### TASK MATERIAL
---*---
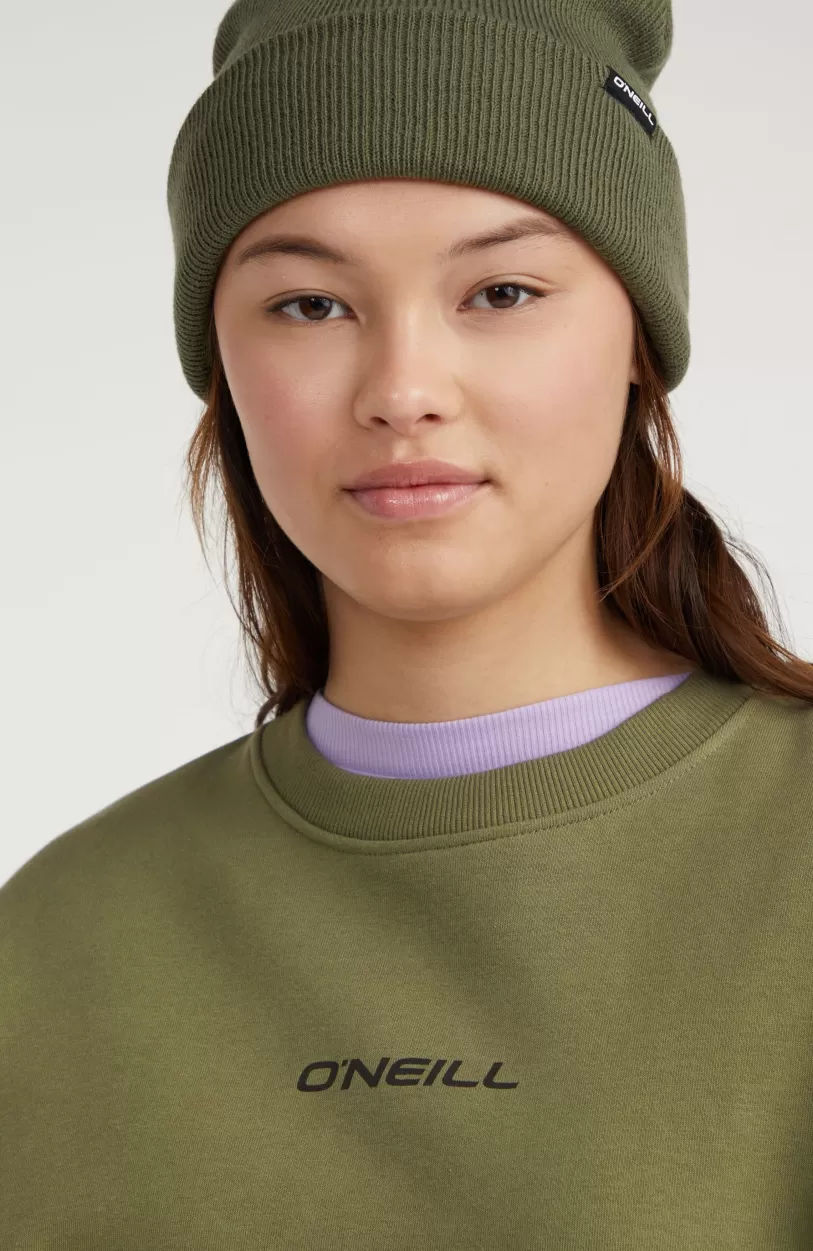 Hot O’Neill Sweater Future Surf Society Crew | Deep Lichen Green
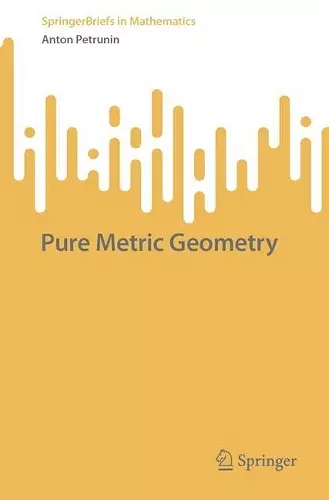 Pure Metric Geometry cover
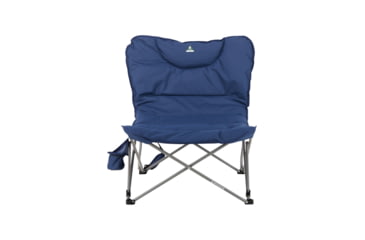 Image of Woods Mammoth Folding Padded Camping Chair, Navy, CTI0765848N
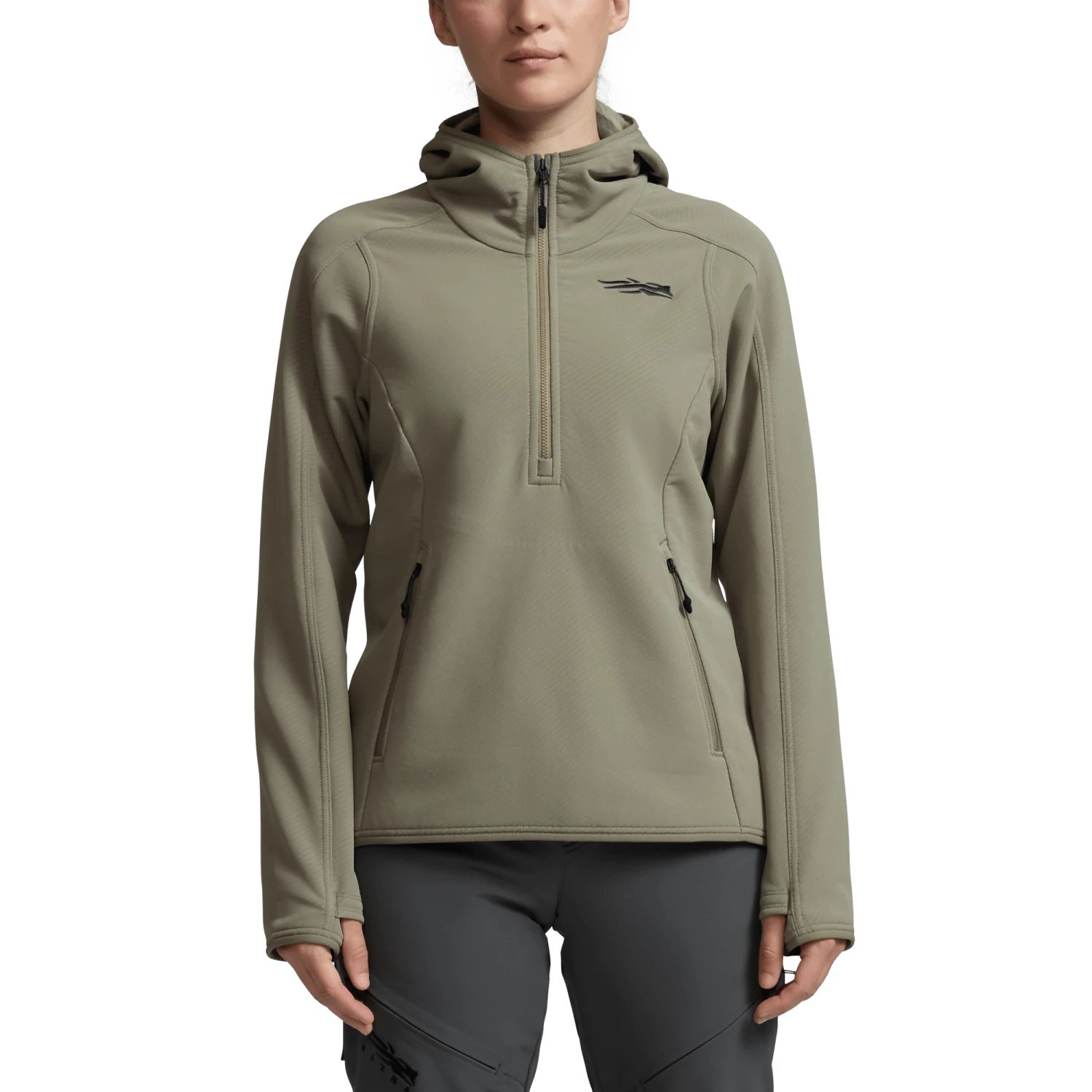 W’s Alpha Fleece Hoodie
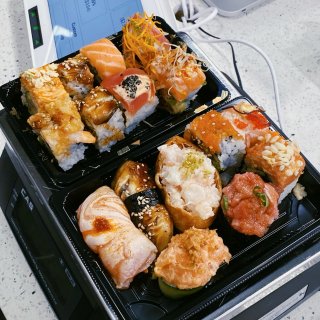 西雅图 🍣 Fob Sushi Bar ...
---*---
### INSTRUCTIONS TO FOLLOW
All entries must come back exactly as written, though without their pictures.

### RESULT OF THIS TASK
 Hot O’Neill Sweater Future Surf Society Crew | Deep Lichen Green
 Pure Metric Geometry cover
 Image of Woods Mammoth Folding Padded Camping Chair, Navy, CTI0765848N
 W’s Alpha Fleece Hoodie
 西雅图 🍣 Fob Sushi Bar ...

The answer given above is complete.